Parmi les addictions, les jeux de hasard et d’argent figurent bien évidemment sur la liste des comportements à risque. Pourtant le jeu est «en vente libre» et dans certains cas organisé par l’État. Or les problèmes liés aux jeux de hasard et d’argent ont un coût pour le joueur et ses proches, ainsi que pour la société. Témoignages de médiateurs de dettes sur ces dossiers épineux.

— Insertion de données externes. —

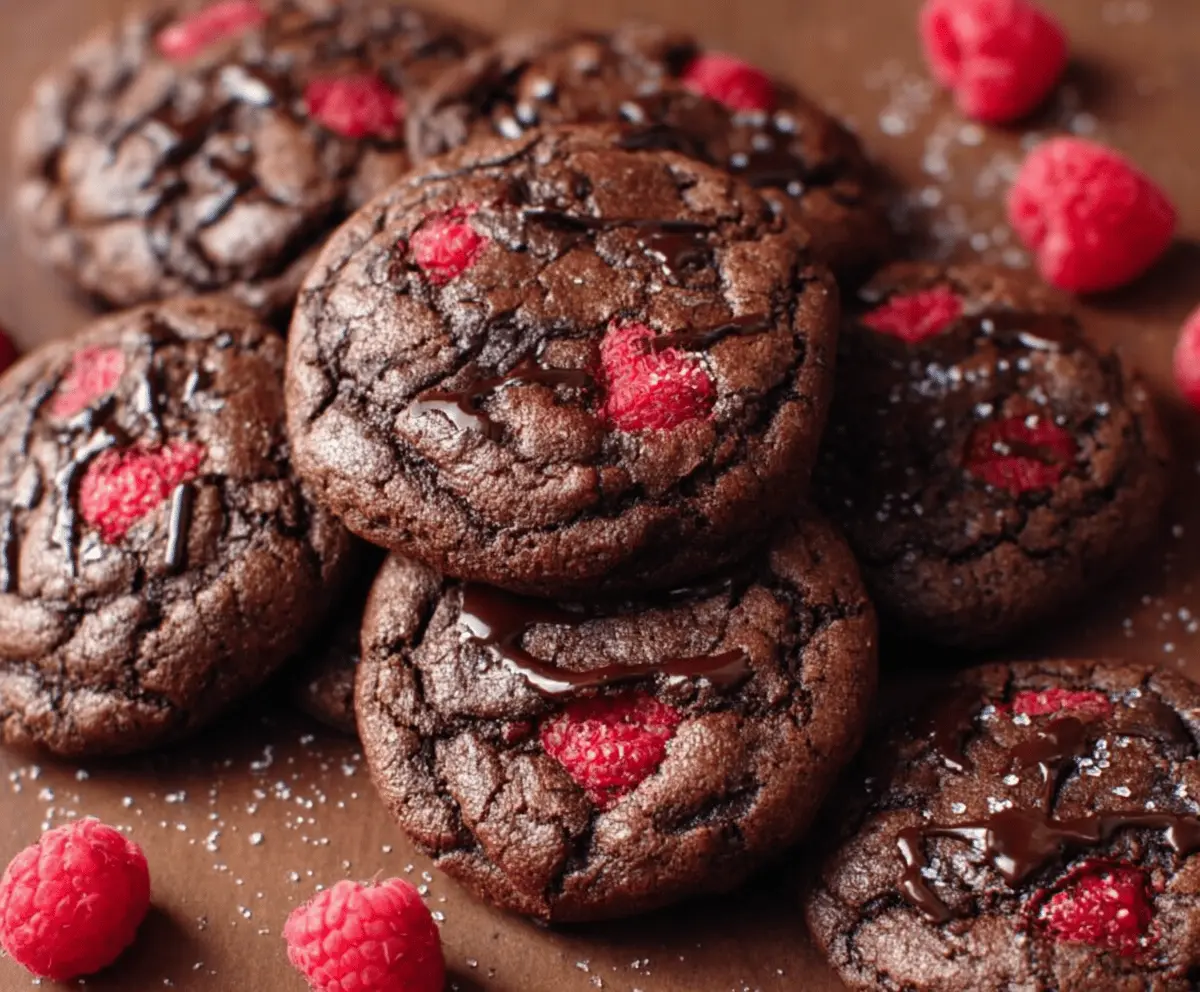 Delicious chocolate raspberry cookies fresh out of the oven, perfect for satisfying sweet cravings.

Dans une carte blanche publiée à l’initiative de psychologues en faveur de l’adoption d’un arrêté royal sur la publicité pour les jeux de hasard et d’argent en mai 2022[1], les signataires de ce texte faisaient les comptes: à côté du réseau de la Loterie nationale qui recense plus de 2 millions de comptes joueurs (dont la moitié sont actifs), ce qui ne couvre pas l’ensemble des joueurs (soit 6,5 millions de joueurs uniques) pour 1,5 milliard d’euros misés en 2024, il y a en Belgique 9 casinos, 174 salles de jeux, 40 sites légaux de paris sportifs/casinos, 5.137 cafés avec jeux, 585 agences de paris, 1.580 librairies où l’on peut parier légalement, sans oublier tous les sites de jeux situés à l’étranger ou encore les lieux plus ou moins clandestins où les jeux d’argent se pratiquent sans aucun contrôle.
De plus en plus de jeunes
Tous les joueurs ne jouent pas de manière compulsive et ne sont pas accrocs aux jeux. Mais 100.000 d’entre eux seraient dépendants et 380.000 joueurs seraient à risque. Parmi eux, de plus en plus de jeunes se laissent tenter et adoptent des comportements dangereux. Comme le relèvent Nathalie Monteyne et Florence Boreux, médiatrices de dettes au CPAS d’Yvoir, «nous le voyons dans nos dossiers, de plus en plus de jeunes sont concernés par ces jeux en ligne, attirés par la prétendue possibilité de gains faciles et, même s’il existe des mesures pour limiter les accès aux casinos et aux salles de jeux automatiques, ainsi qu’aux agences de paris – c’est le cas pour les moins de 21 ans et pour tous ceux qui demandent une interdiction –, cela ne concerne pas les sites de jeux en ligne d’autres pays auxquels les jeunes peuvent accéder. L’utilisation de la carte d’identité d’une autre personne permet aussi de contourner l’interdiction. Il est clair que les jeunes s’y connaissent bien mieux que nous dans ces matières et ils parviennent à continuer à jouer malgré les mesures de protection qui sont prises pour les protéger».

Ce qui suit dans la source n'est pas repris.